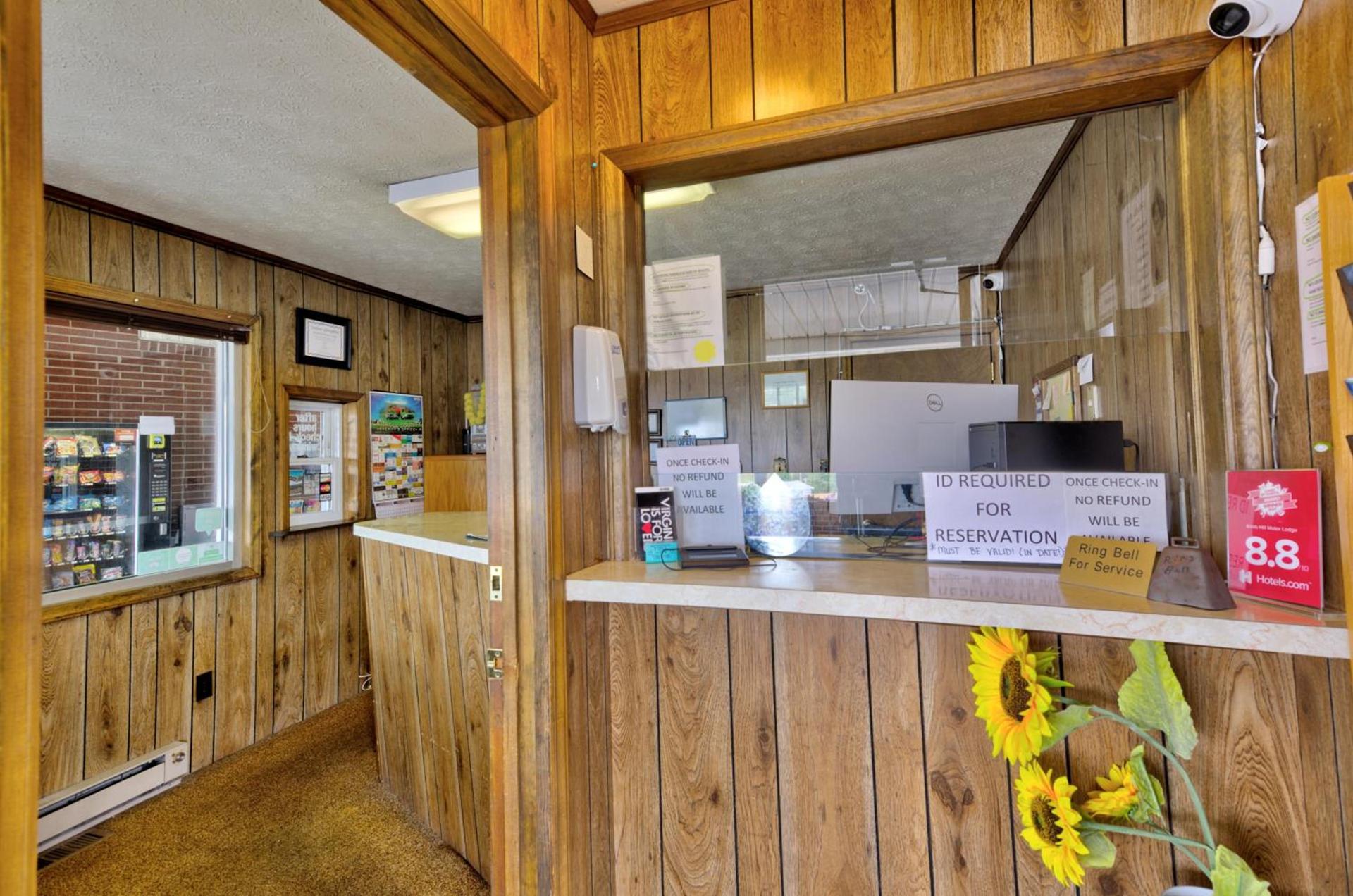 Knob Hill Motor Lodge photo 16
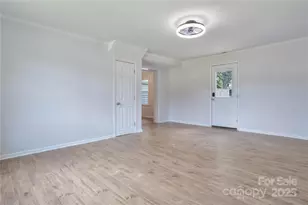 1611 Old Hickory Grove Rd, Mount Holly, NC 28120 - Photo 7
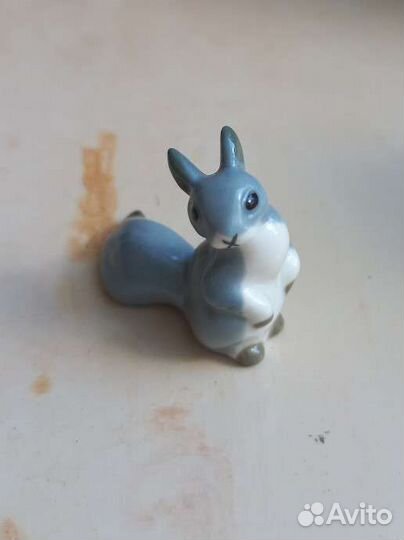 Фарфоровая статуэтка белка лфз антикварная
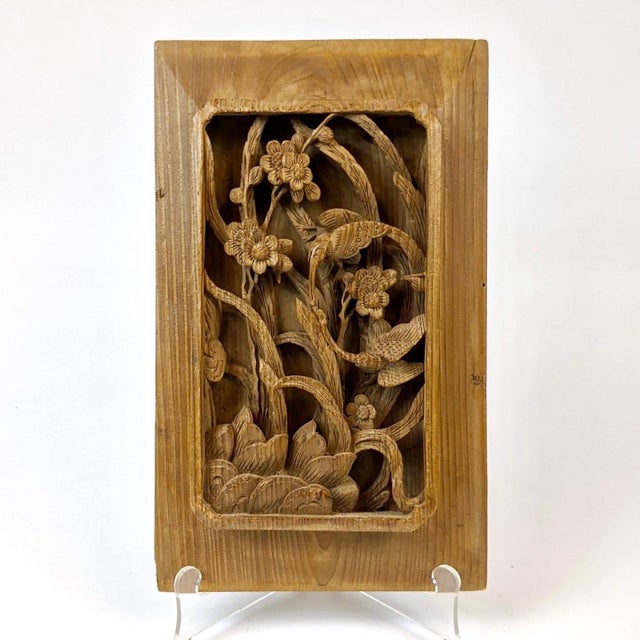 Chinese 18th Century Temple Wood Carving of Birds and Flowers For Sale - Image 3 of 3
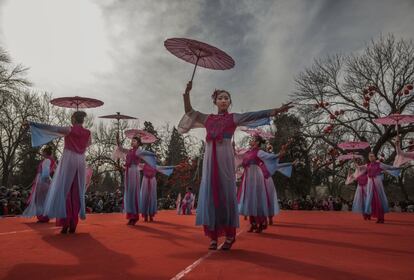 Bailarinas tradicionales actúan en el segundo día del Año Nuevo Chino en Pekín (China).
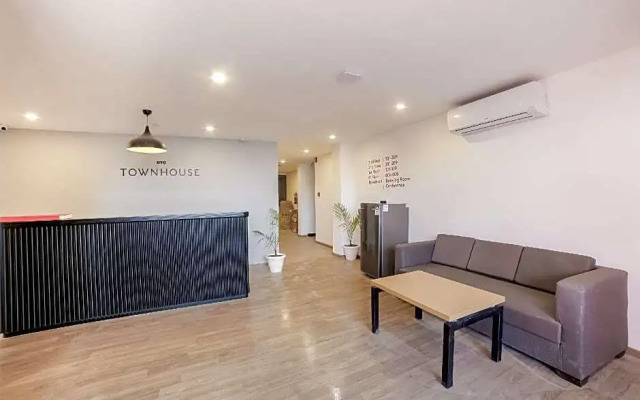 OYO Townhouse 213 Artemis Hospital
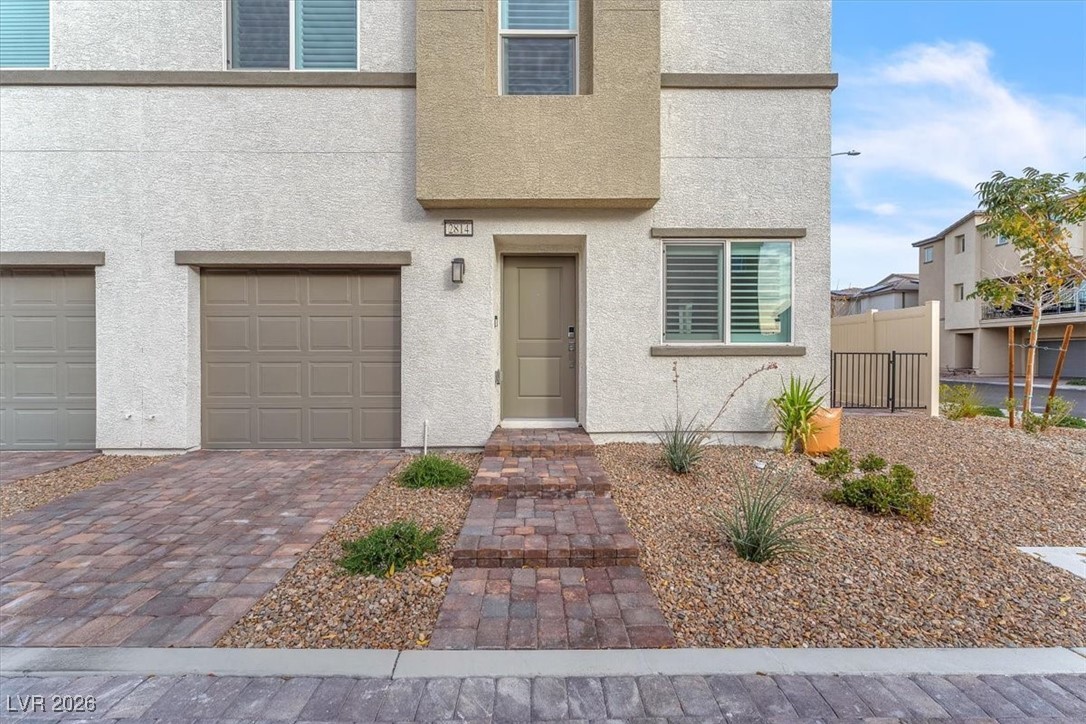 2814 Riverside Gold Court North Las Vegas, NV 89086 - Photo 2 of 38
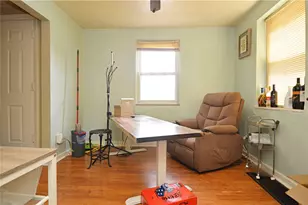 1056 Lindberg Ave, Pittsburgh, PA 15120 - Photo 9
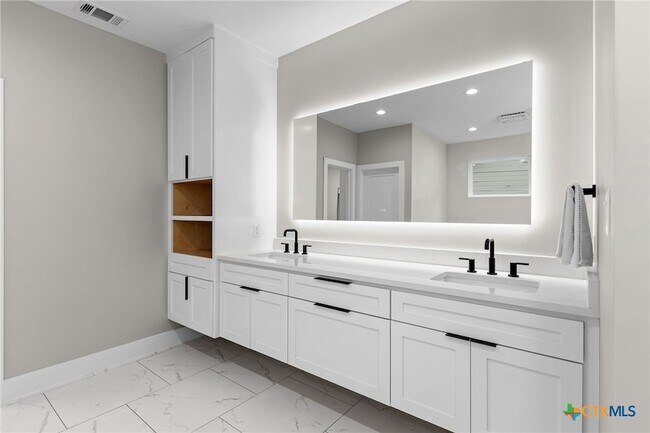 Building Photo - 2204 Magnolia Dr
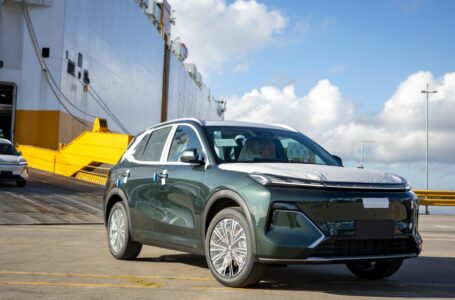 Geely EX5 EM-i desembarca de navio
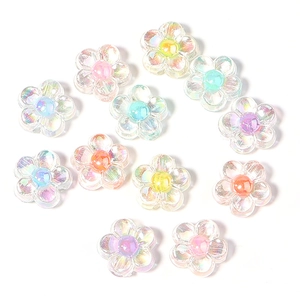 Nahaufnahme von schillernden Acryl-Blumenperlen für DIY-Schmuck und Bastelprojekte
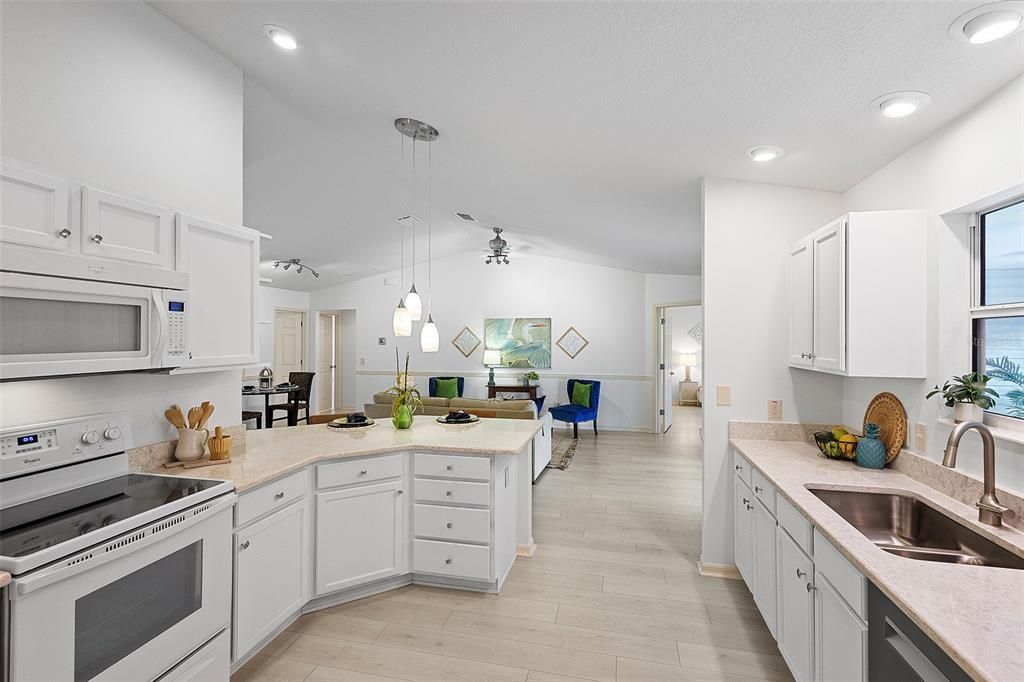 Activo con contrato: $399,500 (3 camas, 2 baños, 1574 Pies cuadrados)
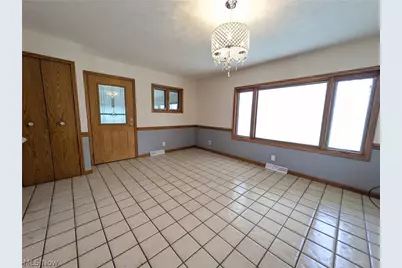 10769 Akins Road, North Royalton, OH 44133 - Photo 13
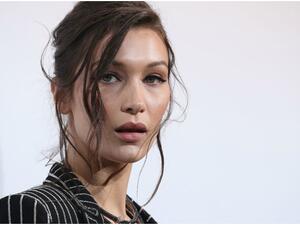 بيلا حديد (.etonline.com)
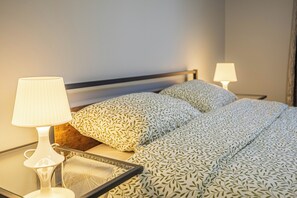 5 bedrooms, iron/ironing board, WiFi, bed sheets - Entire NEW House 5BDR , close to DT MTL, 4 Parking (Brossard)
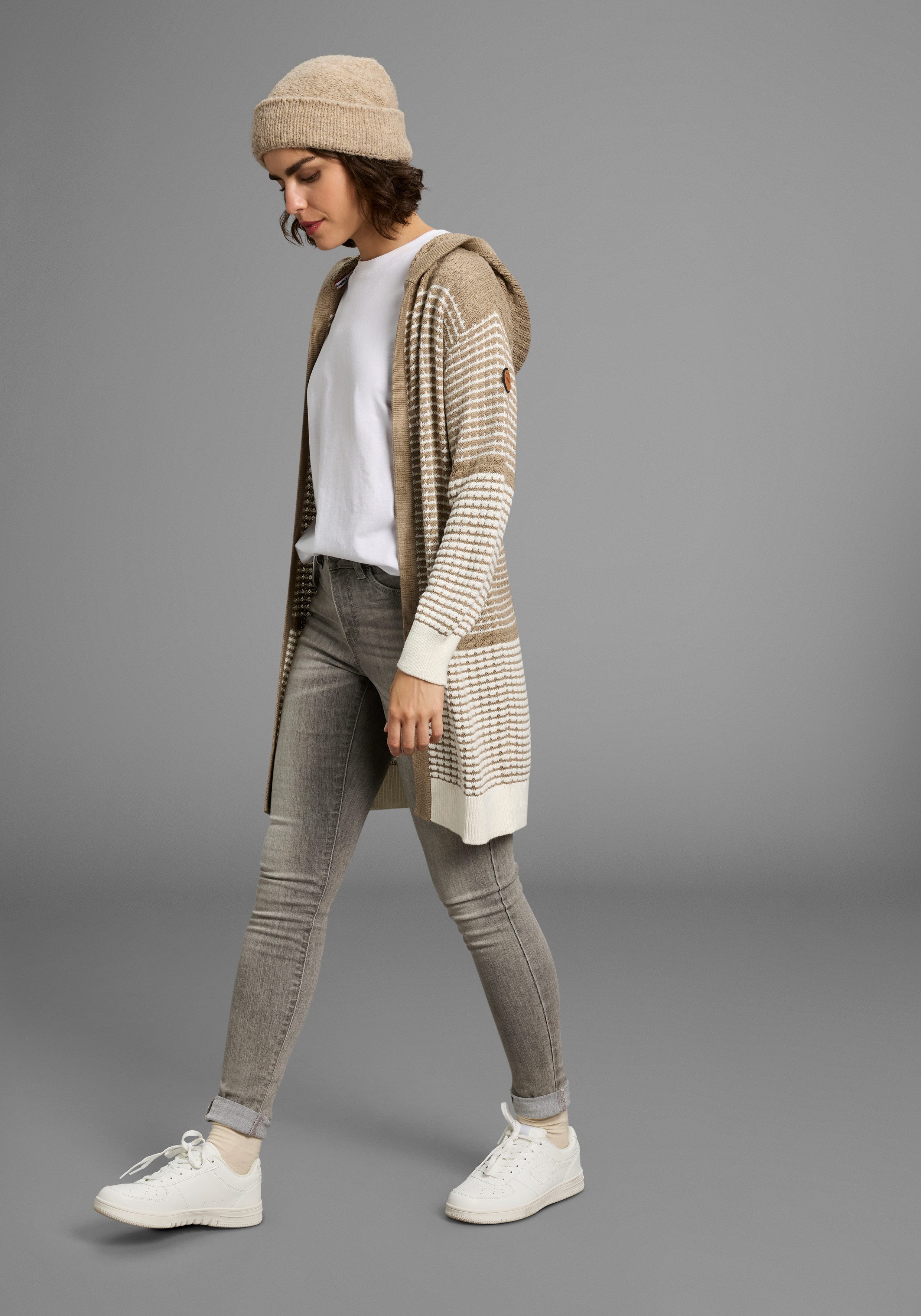 KangaROOS Capuchonvest met trendy breipatroon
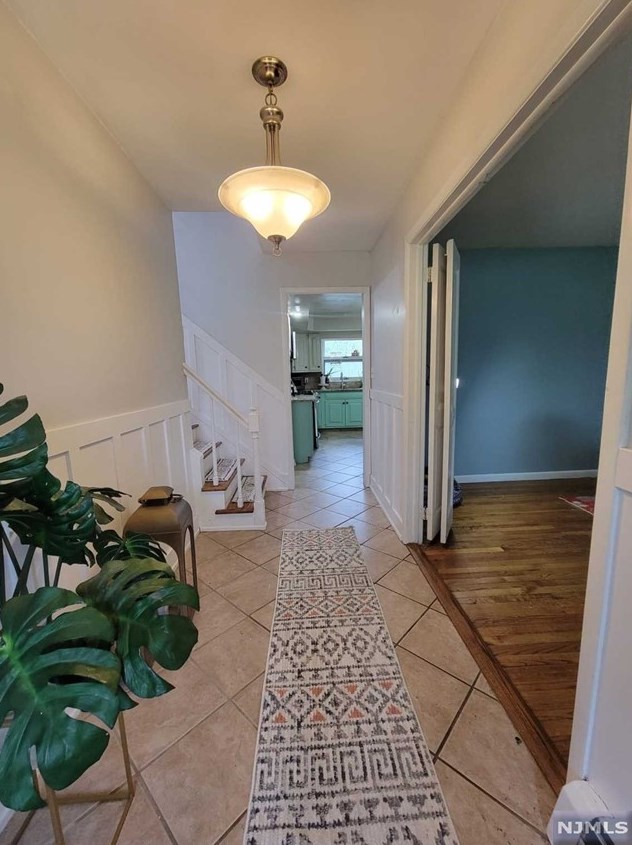 11 Manor Dr, Fredon, NJ 07860-2720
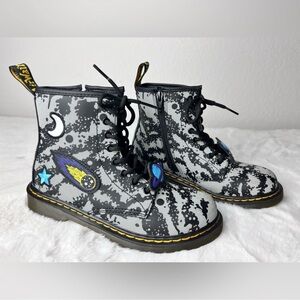 Kids dr martens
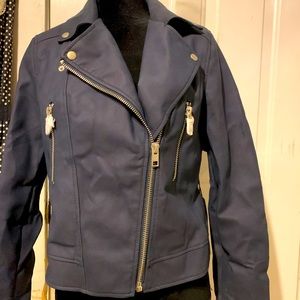 Forever 21 Navy faux leather jacket 🔹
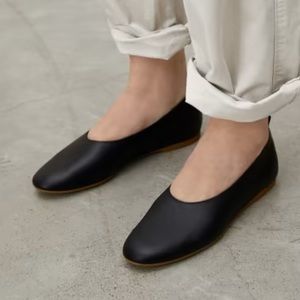 Everlane The Italian Leather Day Glove in black size 8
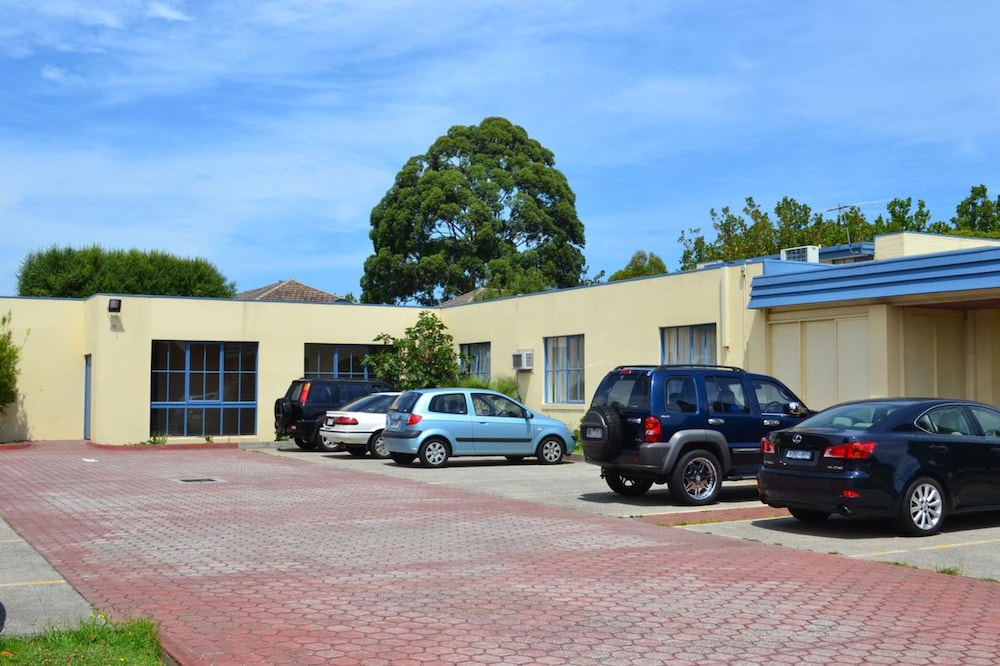 CHADSTONE EXECUTIVE MOTEL 12/19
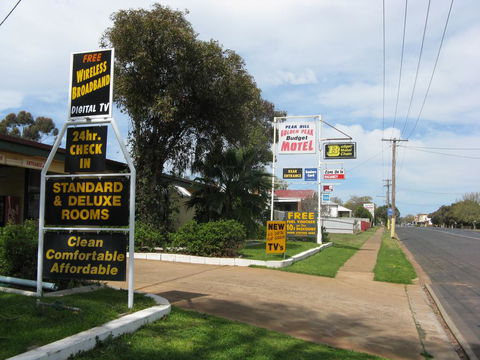 Peak Hill Golden Peak Budget Motel - Tweed Heads Accommodation 0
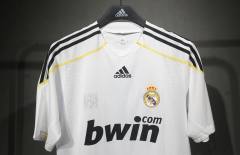 2009/10 Real Madrid Home Retro Jersey Player Edition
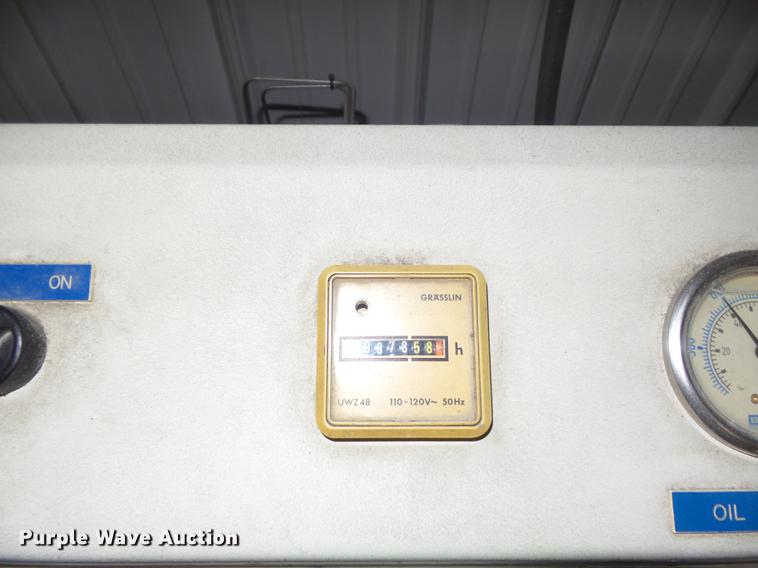 image for item DM9967 Bauer compressor/fill station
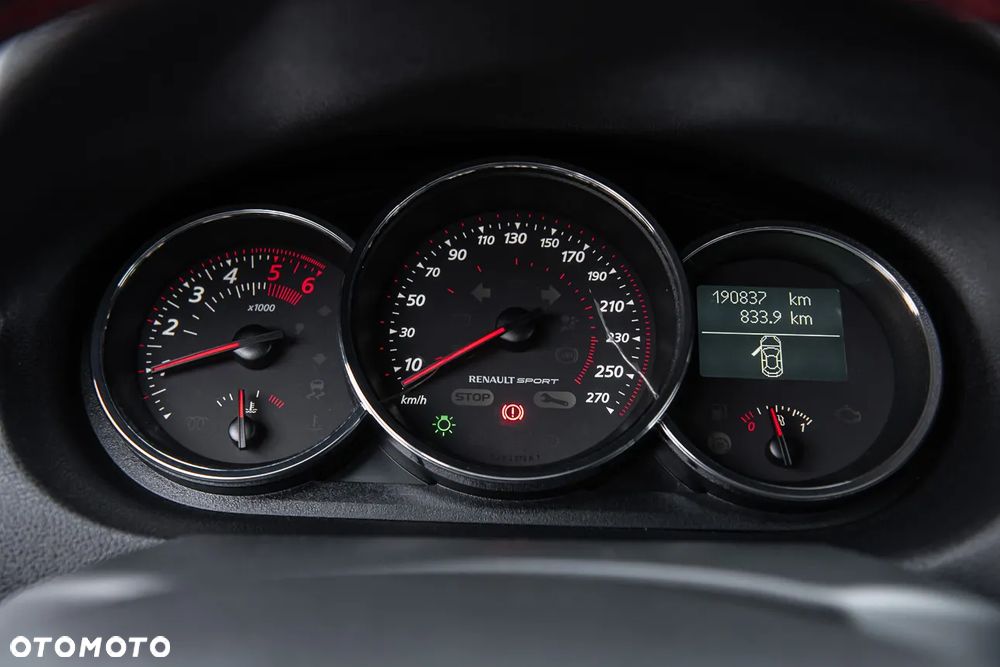 Renault Megane Grandtour BLUE dCi 115 GT LINE - 17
# # # # # # #
Leaving aside the pictures, copy the listing above exactly.

 Knob Hill Motor Lodge photo 16
 1611 Old Hickory Grove Rd, Mount Holly, NC 28120 - Photo 7
 Фарфоровая статуэтка белка лфз антикварная
 Chinese 18th Century Temple Wood Carving of Birds and Flowers For Sale - Image 3 of 3
 Bailarinas tradicionales actúan en el segundo día del Año Nuevo Chino en Pekín (China).
 OYO Townhouse 213 Artemis Hospital
 2814 Riverside Gold Court North Las Vegas, NV 89086 - Photo 2 of 38
 1056 Lindberg Ave, Pittsburgh, PA 15120 - Photo 9
 Building Photo - 2204 Magnolia Dr
 Geely EX5 EM-i desembarca de navio
 Nahaufnahme von schillernden Acryl-Blumenperlen für DIY-Schmuck und Bastelprojekte
 Activo con contrato: $399,500 (3 camas, 2 baños, 1574 Pies cuadrados)
 10769 Akins Road, North Royalton, OH 44133 - Photo 13
 بيلا حديد (.etonline.com)
 5 bedrooms, iron/ironing board, WiFi, bed sheets - Entire NEW House 5BDR , close to DT MTL, 4 Parking (Brossard)
 KangaROOS Capuchonvest met trendy breipatroon
 11 Manor Dr, Fredon, NJ 07860-2720
 Kids dr martens
 Forever 21 Navy faux leather jacket 🔹
 Everlane The Italian Leather Day Glove in black size 8
 CHADSTONE EXECUTIVE MOTEL 12/19
 Peak Hill Golden Peak Budget Motel - Tweed Heads Accommodation 0
 2009/10 Real Madrid Home Retro Jersey Player Edition
 image for item DM9967 Bauer compressor/fill station
 Renault Megane Grandtour BLUE dCi 115 GT LINE - 17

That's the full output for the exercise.